↓↓↓

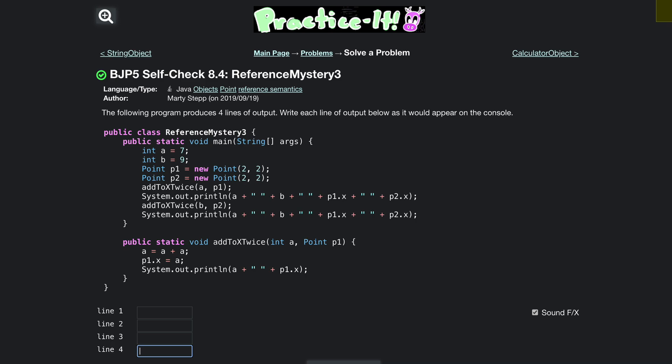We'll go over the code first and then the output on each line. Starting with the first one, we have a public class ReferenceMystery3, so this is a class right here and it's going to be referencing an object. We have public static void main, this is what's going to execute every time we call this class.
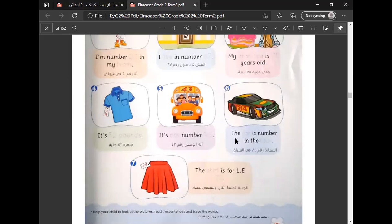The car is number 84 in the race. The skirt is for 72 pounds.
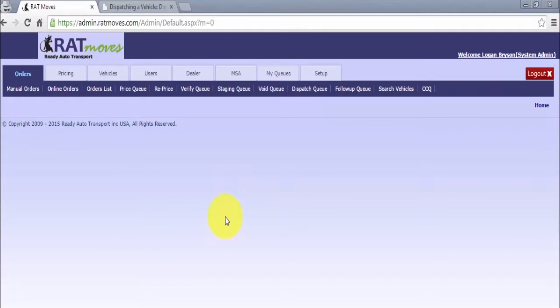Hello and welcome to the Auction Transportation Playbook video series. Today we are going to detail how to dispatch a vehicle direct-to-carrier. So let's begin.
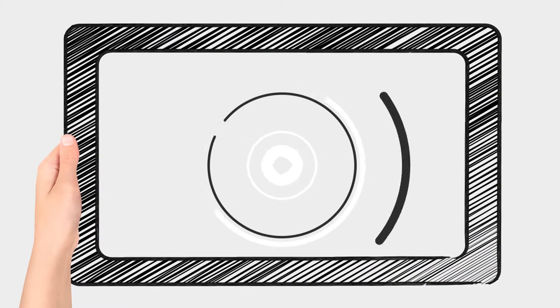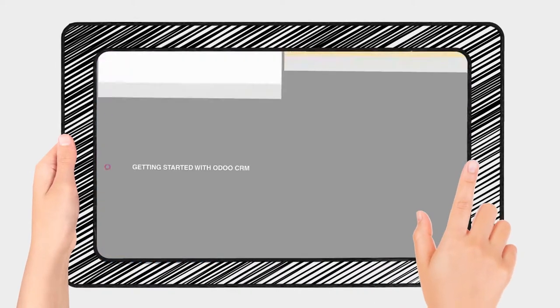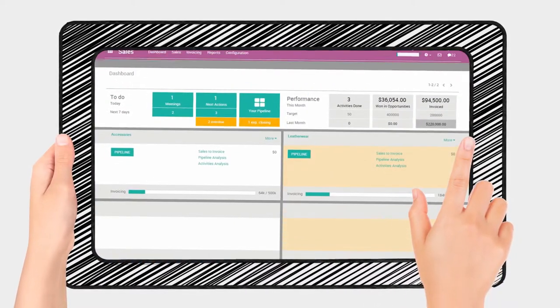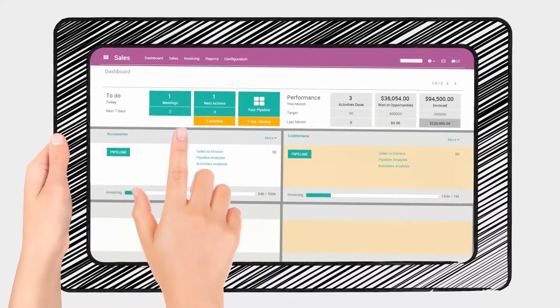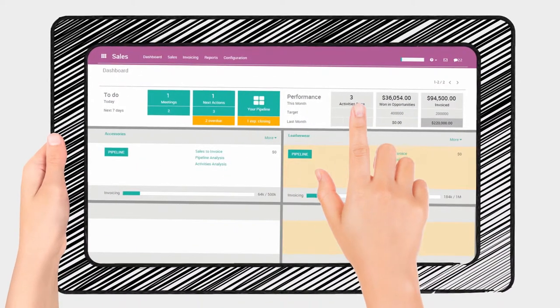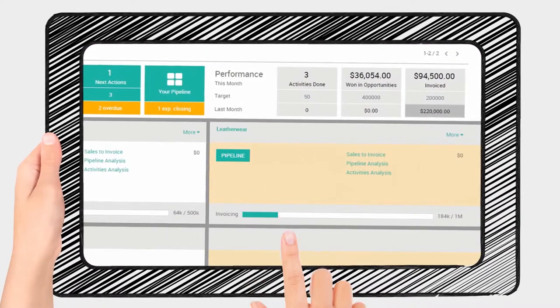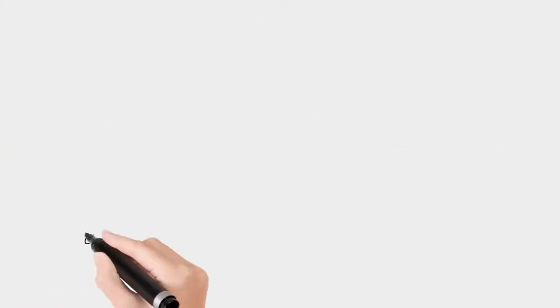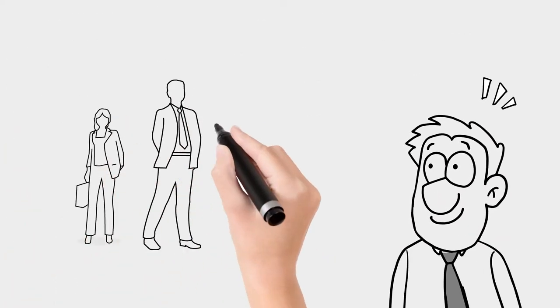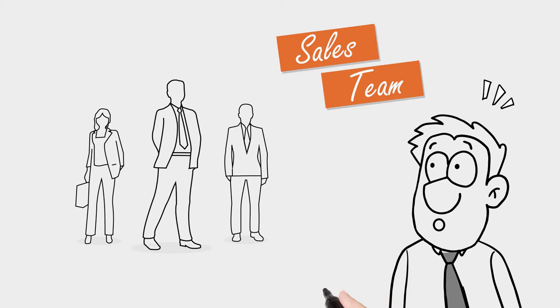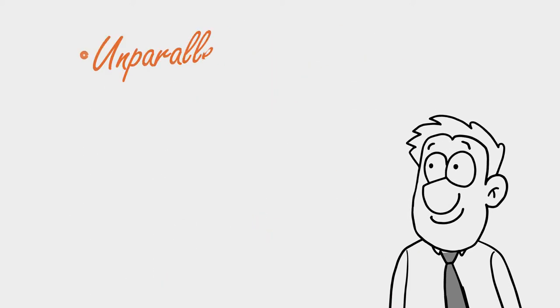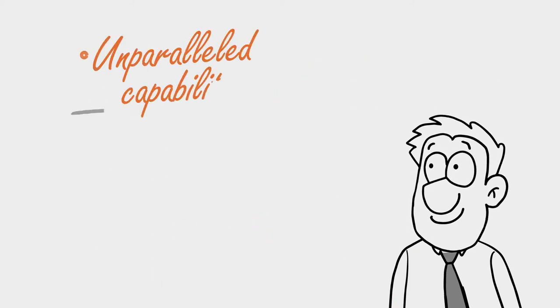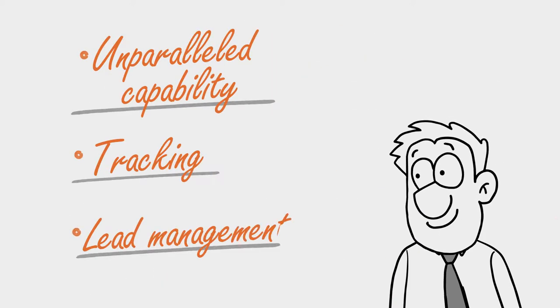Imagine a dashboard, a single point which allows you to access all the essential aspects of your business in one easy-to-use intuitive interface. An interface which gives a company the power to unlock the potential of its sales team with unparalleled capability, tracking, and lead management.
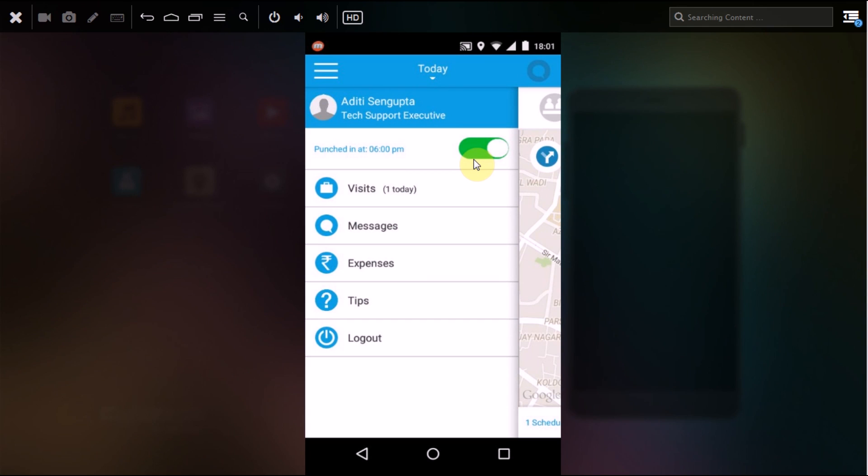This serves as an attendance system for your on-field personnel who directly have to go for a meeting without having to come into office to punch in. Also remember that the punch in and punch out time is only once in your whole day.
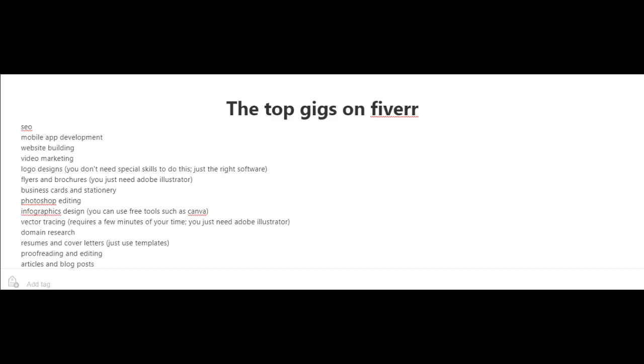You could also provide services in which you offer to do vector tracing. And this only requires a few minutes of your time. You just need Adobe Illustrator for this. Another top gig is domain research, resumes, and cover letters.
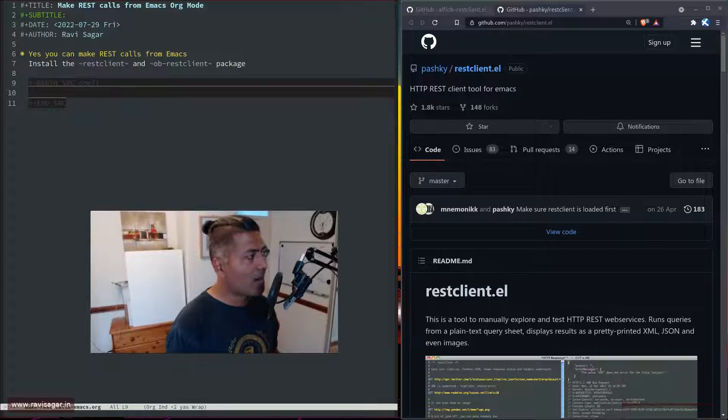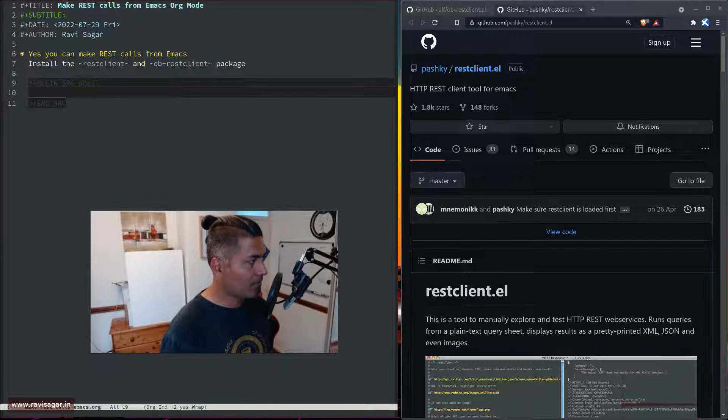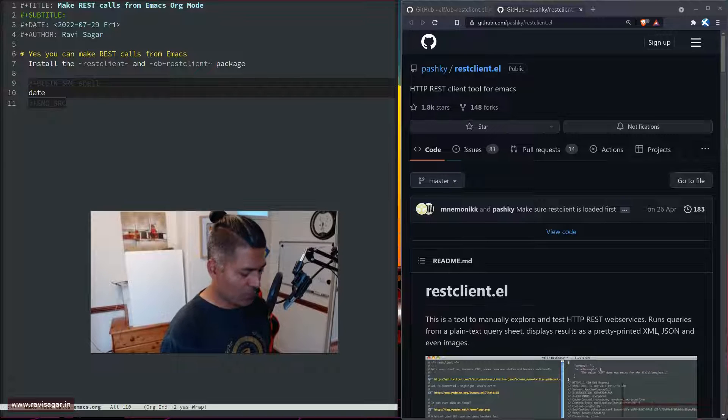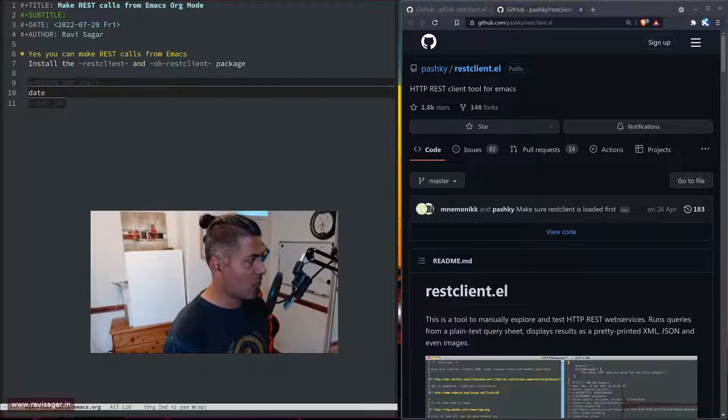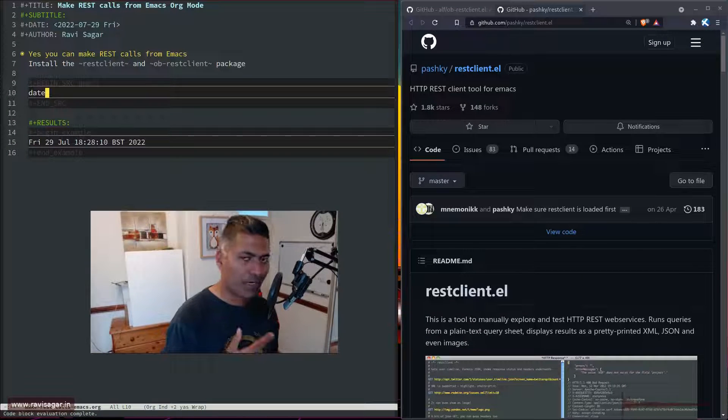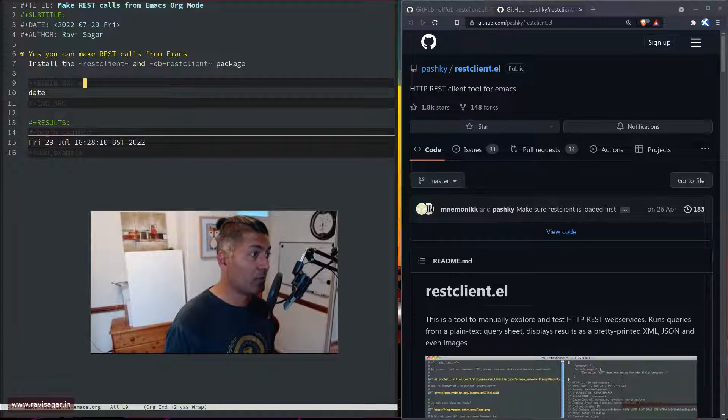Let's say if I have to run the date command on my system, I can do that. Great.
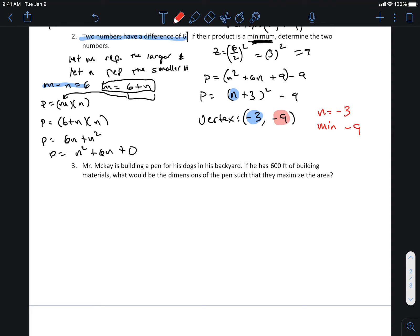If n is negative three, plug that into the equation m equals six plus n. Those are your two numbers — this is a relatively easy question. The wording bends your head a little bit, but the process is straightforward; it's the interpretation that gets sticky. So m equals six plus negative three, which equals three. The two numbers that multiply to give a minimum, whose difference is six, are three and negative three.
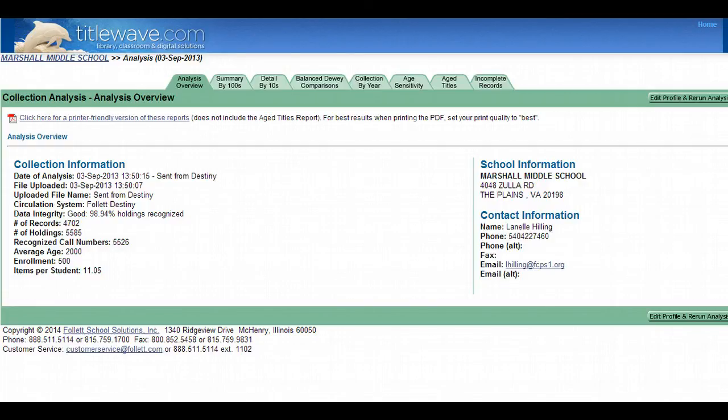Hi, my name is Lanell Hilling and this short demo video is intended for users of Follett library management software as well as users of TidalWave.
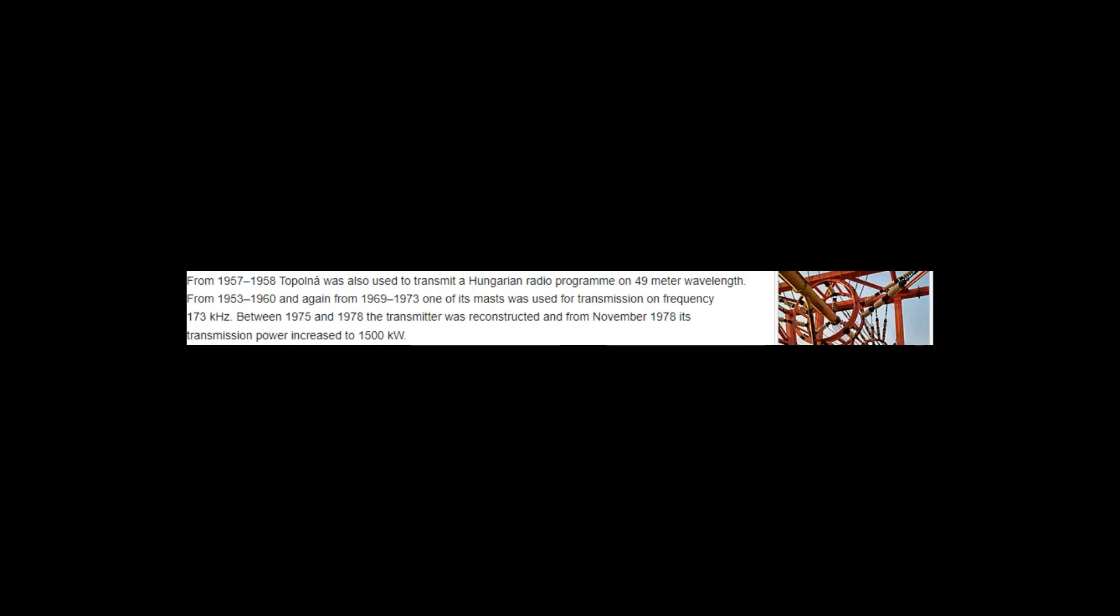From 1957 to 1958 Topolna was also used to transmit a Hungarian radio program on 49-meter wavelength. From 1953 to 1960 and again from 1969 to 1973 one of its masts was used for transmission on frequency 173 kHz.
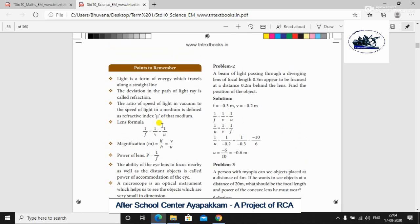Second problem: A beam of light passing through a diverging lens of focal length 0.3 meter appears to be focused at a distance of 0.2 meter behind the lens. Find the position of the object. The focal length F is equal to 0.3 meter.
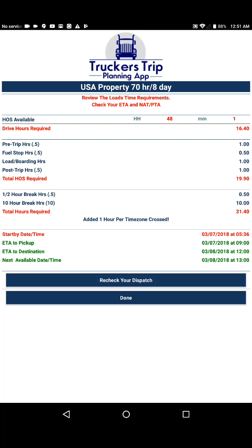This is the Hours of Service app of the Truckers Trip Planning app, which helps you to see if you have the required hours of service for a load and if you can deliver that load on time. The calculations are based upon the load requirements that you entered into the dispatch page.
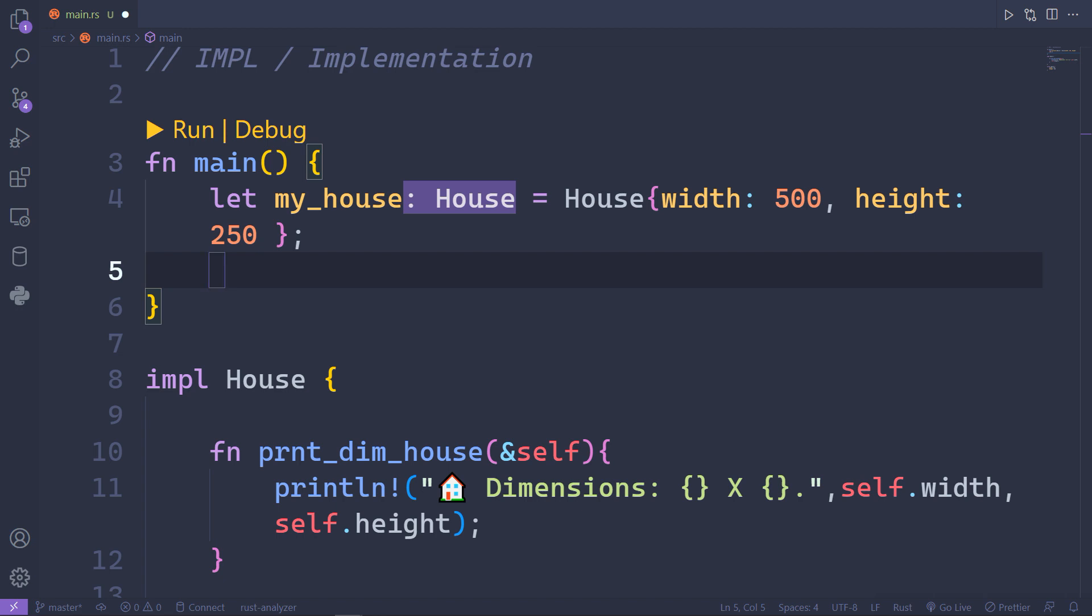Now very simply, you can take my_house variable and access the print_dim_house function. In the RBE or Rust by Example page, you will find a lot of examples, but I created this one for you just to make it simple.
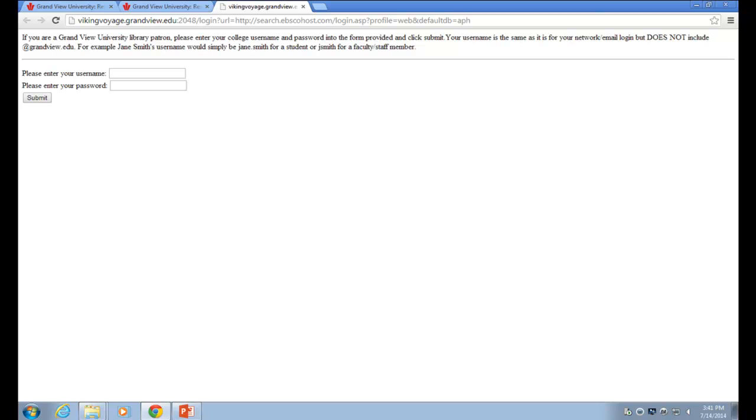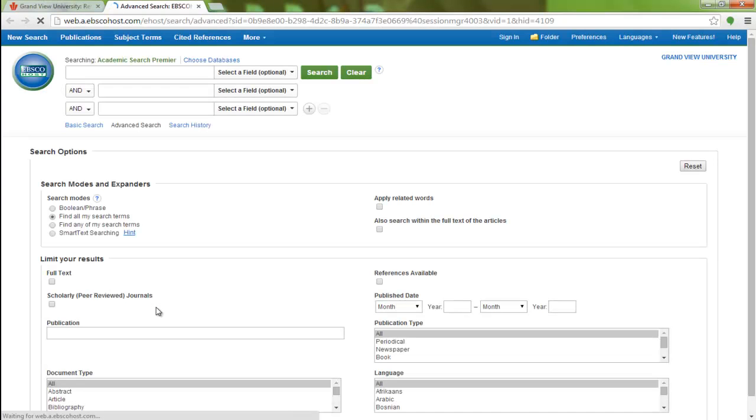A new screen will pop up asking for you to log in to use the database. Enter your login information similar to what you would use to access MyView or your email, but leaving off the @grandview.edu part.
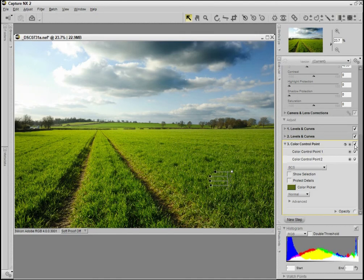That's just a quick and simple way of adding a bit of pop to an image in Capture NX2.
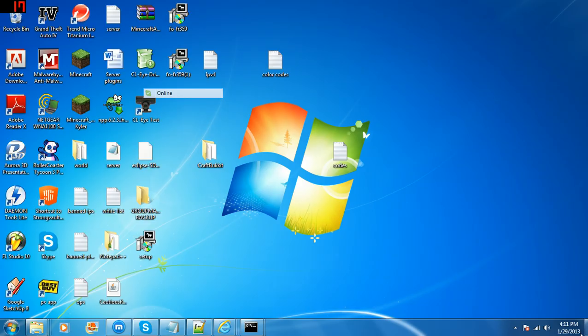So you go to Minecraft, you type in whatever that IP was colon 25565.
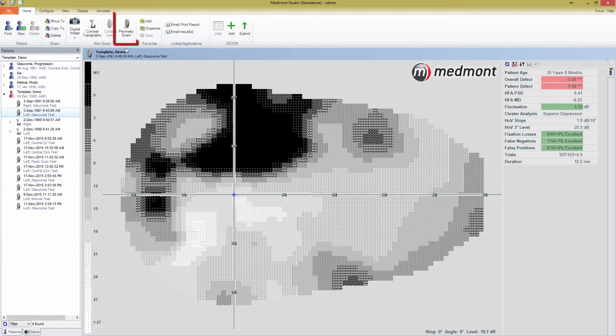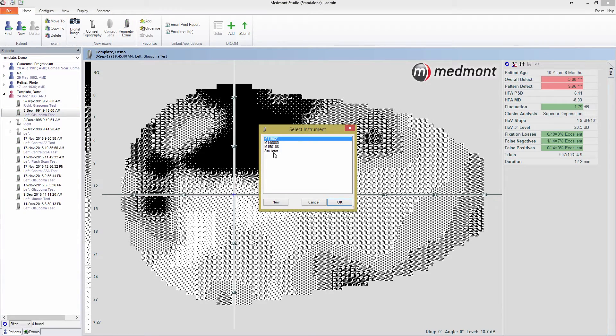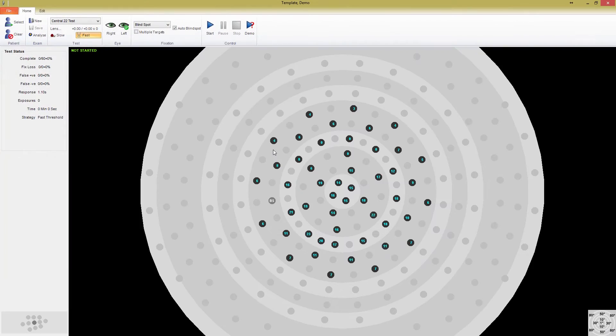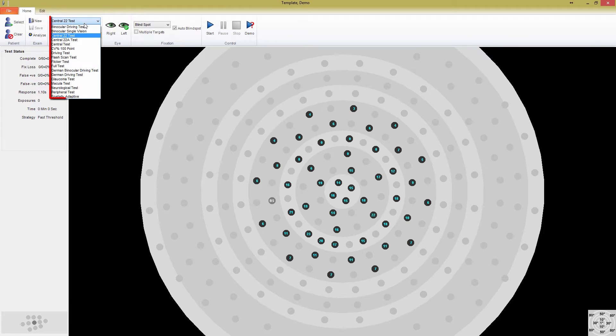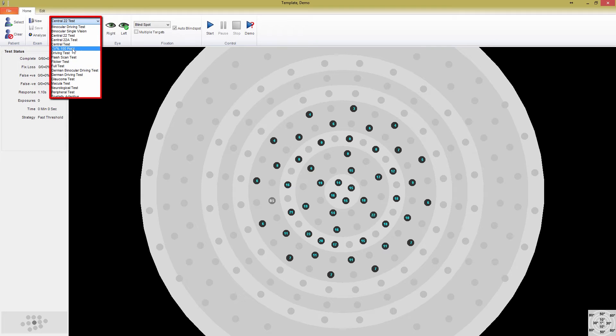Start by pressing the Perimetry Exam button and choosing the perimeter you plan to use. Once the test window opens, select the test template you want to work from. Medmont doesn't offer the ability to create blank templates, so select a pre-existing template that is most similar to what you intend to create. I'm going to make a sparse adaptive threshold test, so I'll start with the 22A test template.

↑↑↑

** What is needed **
The answer should hold every entry exactly as given and no pictures at all.

** Answer box **
We'll go over the code first and then the output on each line. Starting with the first one, we have a public class ReferenceMystery3, so this is a class right here and it's going to be referencing an object. We have public static void main, this is what's going to execute every time we call this class.
The car is number 84 in the race. The skirt is for 72 pounds.
Hello and welcome to the Auction Transportation Playbook video series. Today we are going to detail how to dispatch a vehicle direct-to-carrier. So let's begin.
Imagine a dashboard, a single point which allows you to access all the essential aspects of your business in one easy-to-use intuitive interface. An interface which gives a company the power to unlock the potential of its sales team with unparalleled capability, tracking, and lead management.
This serves as an attendance system for your on-field personnel who directly have to go for a meeting without having to come into office to punch in. Also remember that the punch in and punch out time is only once in your whole day.
You could also provide services in which you offer to do vector tracing. And this only requires a few minutes of your time. You just need Adobe Illustrator for this. Another top gig is domain research, resumes, and cover letters.
Let's say if I have to run the date command on my system, I can do that. Great.
If n is negative three, plug that into the equation m equals six plus n. Those are your two numbers — this is a relatively easy question. The wording bends your head a little bit, but the process is straightforward; it's the interpretation that gets sticky. So m equals six plus negative three, which equals three. The two numbers that multiply to give a minimum, whose difference is six, are three and negative three.
Hi, my name is Lanell Hilling and this short demo video is intended for users of Follett library management software as well as users of TidalWave.
From 1957 to 1958 Topolna was also used to transmit a Hungarian radio program on 49-meter wavelength. From 1953 to 1960 and again from 1969 to 1973 one of its masts was used for transmission on frequency 173 kHz.
Second problem: A beam of light passing through a diverging lens of focal length 0.3 meter appears to be focused at a distance of 0.2 meter behind the lens. Find the position of the object. The focal length F is equal to 0.3 meter.
This is the Hours of Service app of the Truckers Trip Planning app, which helps you to see if you have the required hours of service for a load and if you can deliver that load on time. The calculations are based upon the load requirements that you entered into the dispatch page.
Now very simply, you can take my_house variable and access the print_dim_house function. In the RBE or Rust by Example page, you will find a lot of examples, but I created this one for you just to make it simple.
A new screen will pop up asking for you to log in to use the database. Enter your login information similar to what you would use to access MyView or your email, but leaving off the @grandview.edu part.
That's just a quick and simple way of adding a bit of pop to an image in Capture NX2.
So you go to Minecraft, you type in whatever that IP was colon 25565.
Start by pressing the Perimetry Exam button and choosing the perimeter you plan to use. Once the test window opens, select the test template you want to work from. Medmont doesn't offer the ability to create blank templates, so select a pre-existing template that is most similar to what you intend to create. I'm going to make a sparse adaptive threshold test, so I'll start with the 22A test template.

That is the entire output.